Because lawmakers don't get any credit when the laws are enforced! They don't get to have press conferences, and sign things, and put their names on things, and see the newspapers talk about them! To keep up the flow of attention necessary to feed their addiction to media coverage, they have to keep 'doing things'. To feed the Reelection Beast, they have to present their constituents with a 'What I Did This Congressional Term' essay in the form of a political campaign.

You see, if they ever stopped the flow of marginally enforceable and dubiously useful new laws streaming constantly into existence, we might notice that we don't actually need them as much as they'd like us to, and they all might have to get real jobs to fill up the extra time.

Adrienne Sanders 8 years, 10 months ago

If bars close at midnight, the violence is going to spread out into the neighborhoods as people have more house- and/or after-parties. Then the commission will have go get back to work on the whole evicting noisy people issue.

I wonder, if you asked a random sampling of 100 Lawrence residents, how many of them would actually say they don't feel safe downtown? I suspect the percentage would be pretty low compared to the big to-do being made about ONE incident.

Confrontation 8 years, 10 months ago

"Linda Day, a Lawrence resident, told commissioners that they needed to investigate whether specific bars were attracting violence. She also suggested they at least consider an earlier closing time for bars because many of the violent acts have happened in the early-morning hours."

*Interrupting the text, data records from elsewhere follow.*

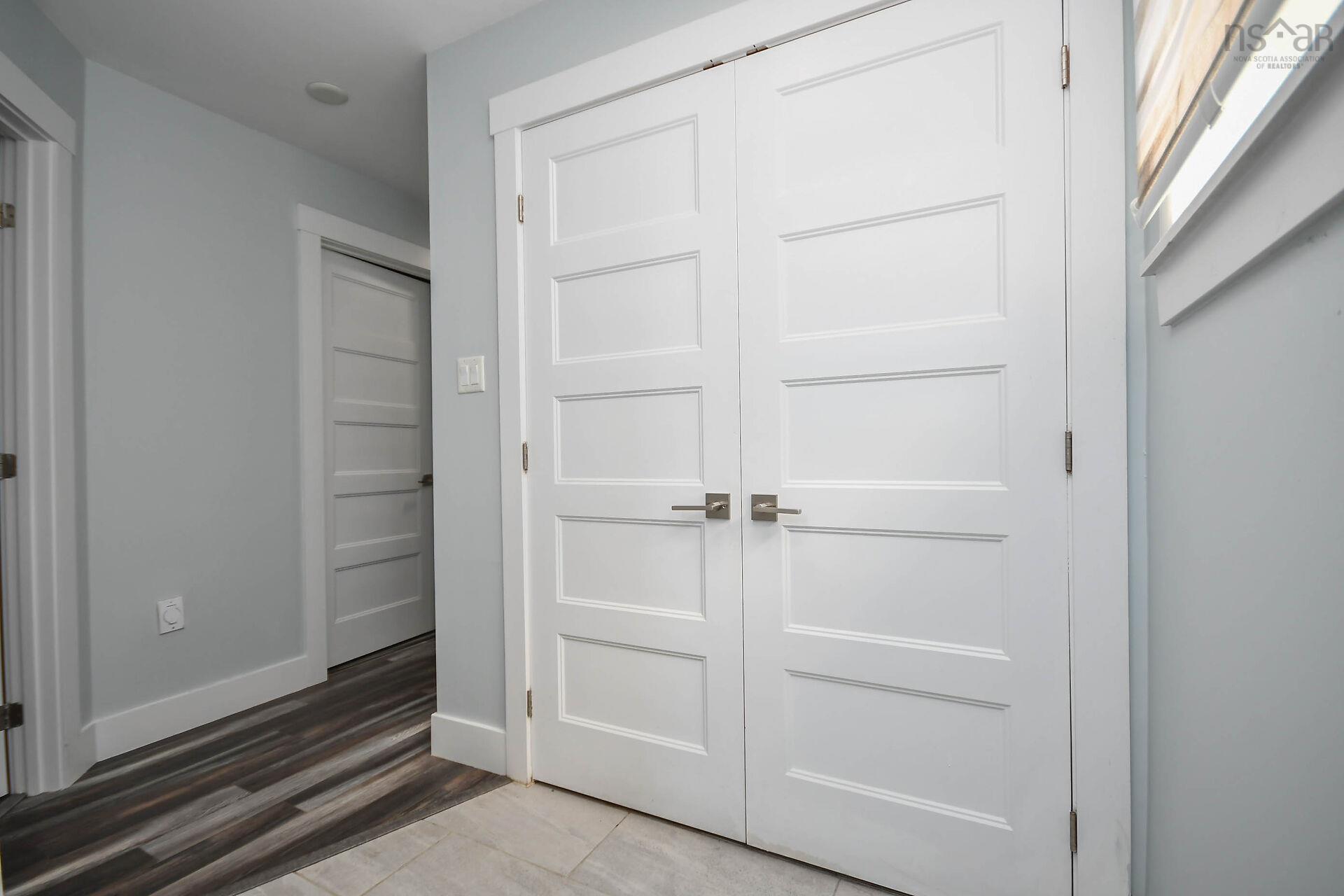 56 Boyne Court, Eastern Passage, NS (MLS 202613789)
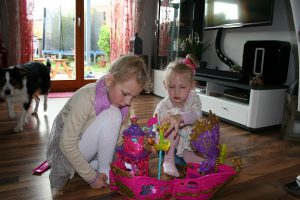 IMG_7082_klein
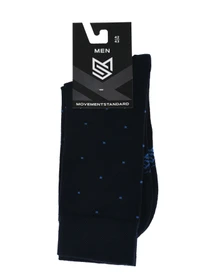 Шкарпетки та гольфи MovementStandard модель MS M0201S Фото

I wonder when this woman last visited the downtown area at night? Sounds like she's been reading too many stupid posts on the LJWorld site. She's most likely old enough to be in bed by 9pm, with no clue about the nightlife of downtown. She should get back to her gardening and stereotyping, and voice her ignorant views to her cats.

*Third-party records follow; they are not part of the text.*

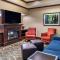 Comfort Suites Shreveport West I-20 - شريفيبورت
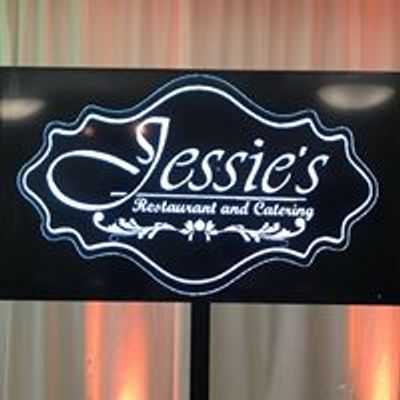 Jessie's Restaurant and Catering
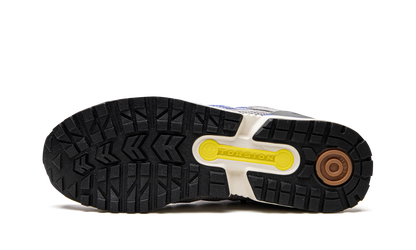 Consortium ZX 10000C "Game Overkill" G26252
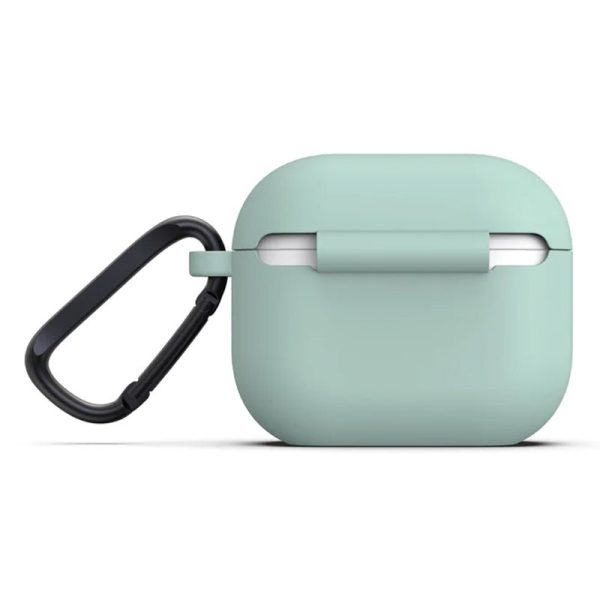 Casestudi USLR Series Case - Apple Airpods 3   Tiffany Online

badger 8 years, 10 months ago

Well, PorkRibs, if you're saying that you will shoot someone in self-defense with a weapon you're carrying (perhaps legally, perhaps not) into a public place, and that it's your intent to kill that person, I don't think it will be up to any of us to defend you.

You'll need a lawyer for that, especially if you're carrying a concealed weapon without a permit. Most likely, I'd think that you wouldn't do much time, if any, but you'd still be a criminal just the same for violating the gun laws.

badger 8 years, 10 months ago

If you knowingly choose to break the law, you are also an 'actual criminal'. You don't just get to follow the laws you like because the other ones came from liberals. The difference between you and the guy who wants to hurt your family is a matter of the degree of disrespect you afford the law. In fact, if there's a guy out there who's going to snap and shoot up a restaurant you're in, right now you're more of a criminal than he is because you've already broken the law and he hasn't.

What do you suppose it will do for the cause of responsible owners who want the legal right to carry guns if you're caught with that gun (outside the remarkably unlikely Rambo situation in which you happen to be johnny-on-the-spot to save everyone in the Applebee's from the gun-wielding ex-employee driven mad by the incessant pressures of fifteen pieces of flair) and prosecuted for illegally carrying a concealed weapon? All that will say is that no matter what laws they make regarding guns, some gun owners will always put themselves above the law and justify it however they choose. You have to protect your family. Someone else decides he doesn't need to obey the gun laws because he takes the night deposit to the bank, and so he carries a gun. Someone else decides she doesn't have to because she's traveling alone, so she puts a gun under her seat.

What all those people have in common with you and the hypothetical restaurant assailant is that you all break the law for what you feel are perfectly acceptable reasons, but those reasons don't make you any less of a criminal, no matter how reasonable they might be.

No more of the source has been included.